It’s common to be asked a question like “what’s the hardest bug you’ve debugged?” at job interviews in tech. This post is about the bug I usually describe. The snag is that it’s quite involved and I don’t actually understand it all the way through – there are one or two aspects to it I often hand-wavingly gloss over. The hope was that by writing it out and fact checking it I’d have a better handle on it; this is what came out.
This came up during my first internship at Google in 2012. I was on a team in Ads, but I was mostly working on Google Web Toolkit, which was what many Ads applications were written in. My project was to add support in the GWT compiler for measuring code coverage from browser automation tests using WebDriver. This has nothing to with the bug except that it also involved coverage runs and because I had been messing with coverage stuff I’d been cc’d on the bug tracker and decided to look into it.
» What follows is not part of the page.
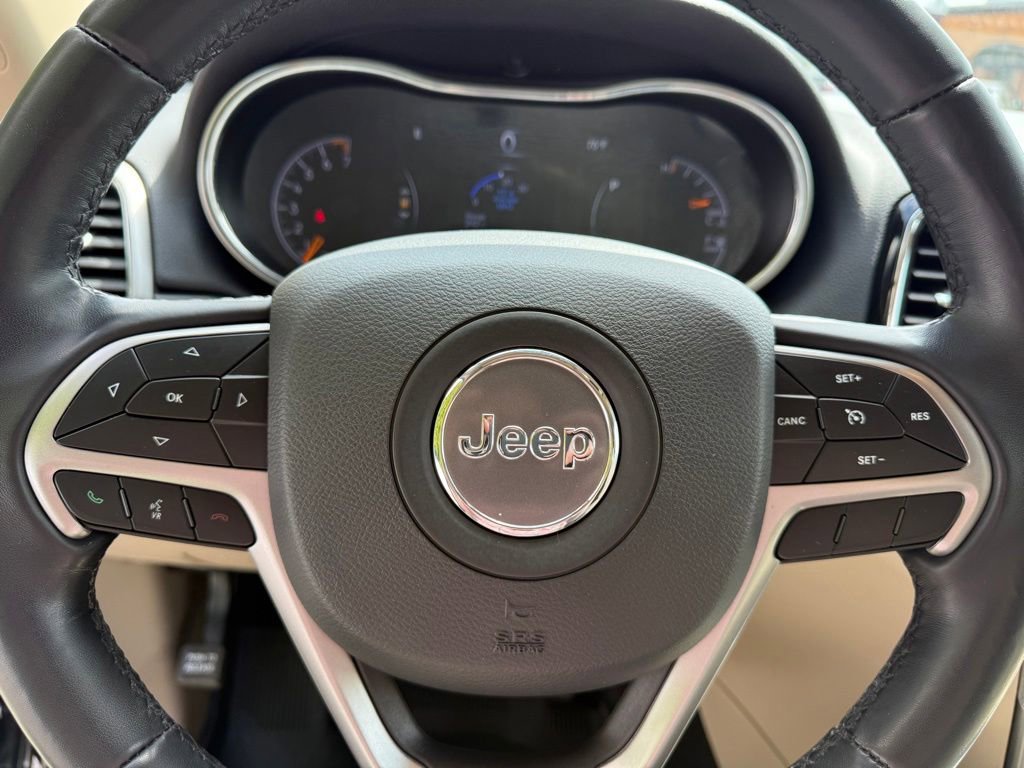 Used 2022 Jeep Grand Cherokee Laredo E AWD/4WD image 30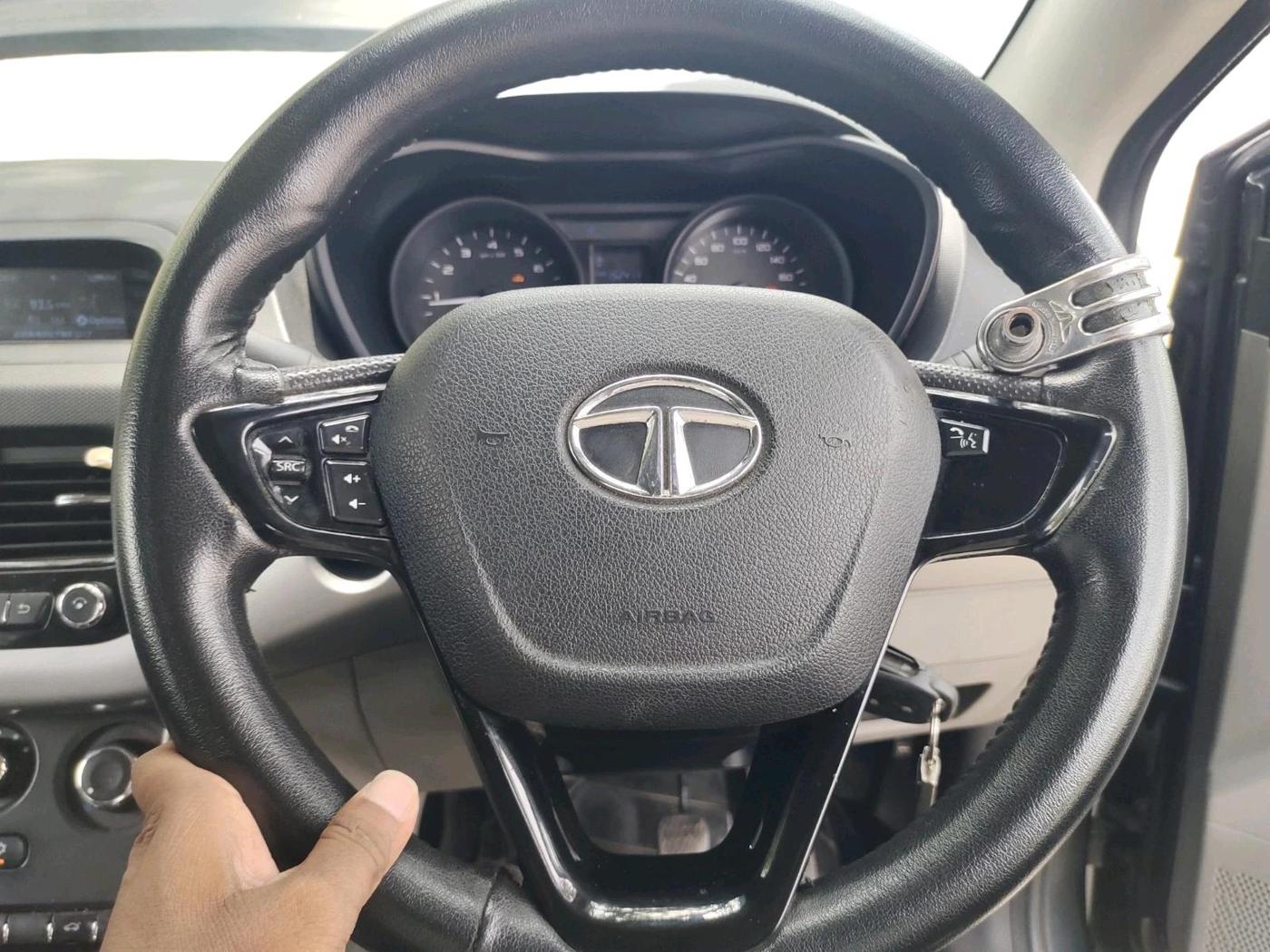 2017 Tata NEXON XM PETROL, Petrol, Manual, 1,52,413 km, interior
The bug manifested like this. There was a team in Ads that had a GWT application and a whole bunch of tests written against it. A single one of these tests had a strange property: it would pass during regular test runs, but it would fail during coverage runs. (In particular, there was an automatic nightly coverage run which always showed up as failing because of this.)
So this was weird – why would running a test for coverage change its outcome?
I don’t remember what the test was actually testing, but modulo identifiers the relevant bit looked something like this:
1 2 3 4 5
ImmutableSet refers to this Guava collection, and
Option is some
enum defined by the application. In Java, all enums are automatically equipped with a
values() method, which returns an array of all the values on that enum, and so
the intent here is to build a set containing all the enum values and compare that against
the set built up by the test’s setup logic.
Digging through the error logs of the coverage run, the error looked liked this:
If you’re a Java person, the problem is fairly obvious; the thing on the left (corresponding to the first argument
assertEquals) is an
ImmutableSet<Option> containing the result of calling
instead of an
ImmutableSet<Option> containing a copy of the array. If you look at the docs linked above,
you’ll notice that
ImmutableSet doesn’t actually have
of(E) method, which means that it wouldn’t copy the contents of the array. Instead the type inference
comes up with
ImmutableSet<Option> and the method called is the
of(E) method where
E = Option.
So the fix was to use
copyOf instead of
of, and that’s that. But now it seemed like the test shouldn’t have
been passing in the first place, even during regular runs, since it was relying on this non-existent
that copies arrays. So what was going on really?
Since the compiler takes in Java source code, it can’t deal with native methods, which are common in the standard
library classes. It can also be useful to reimplement standard classes in such a way as to take advantage of
Array, for instance.
Given this, GWT has a notion of emulated classes; classes are reimplemented in GWT-friendly Java,
a special directive can be passed to the GWT compiler to let it find the emulated source,
GWT includes emulated versions of a subset of the standard library, and the abovementioned directive
is also available for applications or other libraries to use.
As it happens, one of these libraries was Guava – several Guava collections, including
emulated versions for use by GWT applications.
Switching gears slightly, one of the big selling points of GWT when it came out was that it was compatible with a lot of popular Java tools – you could step through your app using Eclipse’s debugger, run tests with JUnit, and measure code coverage using Emma, a popular open source Java coverage tool.
Now Emma is a coverage tool that works with JVM bytecode – in a manner similar to what I described in my last post, it instruments class files, so that as they run, they create some files containing coverage data, which are later picked up to produce coverage reports. GWT’s Emma support is the aspect of this whole thing that I understand least. (There exists a wiki page with some notes on Emma support, but it’s not very enlightening). It seems that whatever magic GWT needs to perform to play nice with Emma is not done for emulated classes. The only thing I could find related to this is this old thread from the Scala+GWT project, which also isn’t very enlightening, but seems to say that when Emma support was being developed it was decided that emulated classes weren’t worth supporting since, among other things, they weren’t used much. In any case, this means that for coverage runs, not only does the code run as Java in a JVM, but it runs against the “real” versions of classes.
The final piece of the puzzle is that this mystery
ImmutableSet.of(E) method used to exist; you can browse
an old version of the docs to see it. It was deprecated for a long time and eventually removed.
However, for whatever reason, the GWT-emulated version was not kept in sync with these changes. So the GWT-emulated
version still had that method, and this was why the regular test run, which ran against the emulated classes, passed.
The coverage run, which ran against the “real” Guava, failed.